__WHAT IS NEEDED__
Without any images, write the data out exactly as it appears.

__COLLECTED MATERIAL__
::::::::::
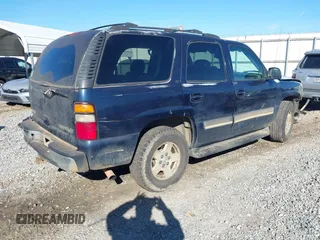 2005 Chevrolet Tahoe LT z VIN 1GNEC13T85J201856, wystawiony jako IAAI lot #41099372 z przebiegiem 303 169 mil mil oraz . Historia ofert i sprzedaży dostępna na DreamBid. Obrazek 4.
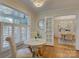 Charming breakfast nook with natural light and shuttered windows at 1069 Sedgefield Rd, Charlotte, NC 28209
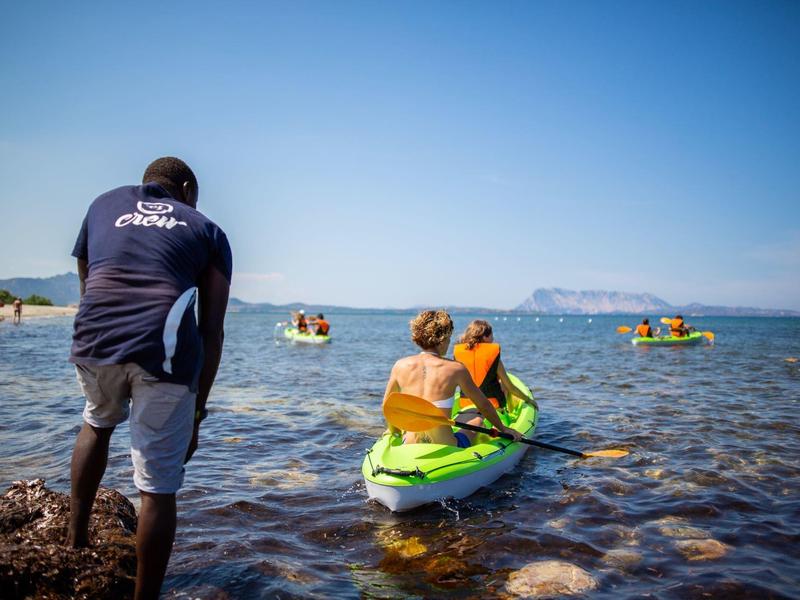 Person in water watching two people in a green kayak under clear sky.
::::::::::
__RESPONSE TO THIS EXERCISE__
 2005 Chevrolet Tahoe LT z VIN 1GNEC13T85J201856, wystawiony jako IAAI lot #41099372 z przebiegiem 303 169 mil mil oraz . Historia ofert i sprzedaży dostępna na DreamBid. Obrazek 4.
 Charming breakfast nook with natural light and shuttered windows at 1069 Sedgefield Rd, Charlotte, NC 28209
 Person in water watching two people in a green kayak under clear sky.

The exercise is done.